Of the eight unrecorded sales transactions with ORC, six of those transactions resulted in the transfer of the assets to the existing lender, one resulted in the assets being transferred back to the original owner and the remaining transaction involved an asset that is still being worked out or is involved in a bankruptcy plan.
Realty Advisors Management, Inc. is a stockholder of American Realty Investors, Inc. which owns over 80% of the Common Stock of TCI and was involved a sale that resulted in a transfer to a third party.
American Realty Investors, Inc. made up two recorded sales transactions.
Kelly Lot Development Inc. is an entity now owned by TCI or one of its subsidiaries and is part of the consolidated financial statements.
Comment/Observation No. 8. Related to the comment above, we note that in several instances you have deferred recognition of the sale under ASC 360-20 due to continuing involvement. Please clarify the nature of your continuing involvement.
Response to Comment/Observation No. 8. As discussed in Response to Comment No. 1, TCI continued to be obligated under the mortgage note or guaranty and received no cash consideration from the related party sale. TCI was obligated for any deficiency or capital requirements and was also entitled to any benefits from a disposal of the assets. Any potential deficiency was evaluated at the time of each unrecorded related party sale and impairment on the asset was taken if the fair value was determined to be less than the carrying value.
Comment/Observations No. 9. In addition, please tell us how you determined it was appropriate to recognize deferred gains on transfers of properties to entities under common control, rather than recording the excess of consideration received over the carrying amount of the properties as a capital contribution, and cite the authoritative literature upon which you relied. In your response, please clarify the degree to which these transfers involved cash consideration.

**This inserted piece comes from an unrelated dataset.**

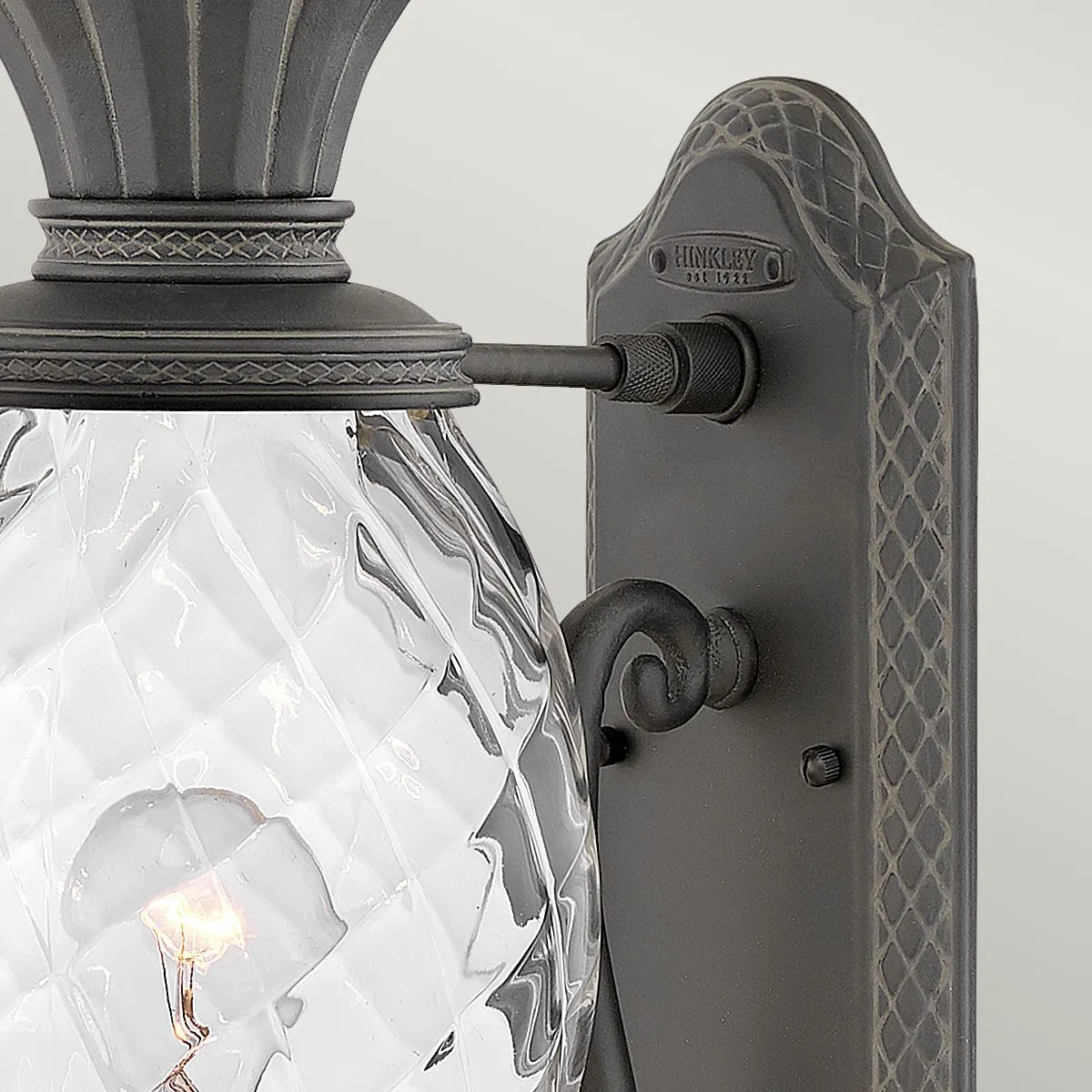 Plantation 1lt Medium Wall Lantern | Museum Black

Response to Comment/Observation No. 9. As of December 31, 2011 there is no shared ownership or control of Liberty Bankers Life Insurance Company by TCI or its subsidiaries. TCI received the full payment for the sales proceeds at close of the sale.
Note 13. Operating Segments, page 77
Comment/Observation No. 10. Please tell us and disclose in future filings what is included in the “other” operating segment.
Response to Comment/Observation No. 10. The “other” reporting segment includes Notes Receivable, Miscellaneous Corporate expenses and unsecured or Stock-Secured debt. Disclosure will be expanded in future filings to include a detail of what is included in the “other” operating segment.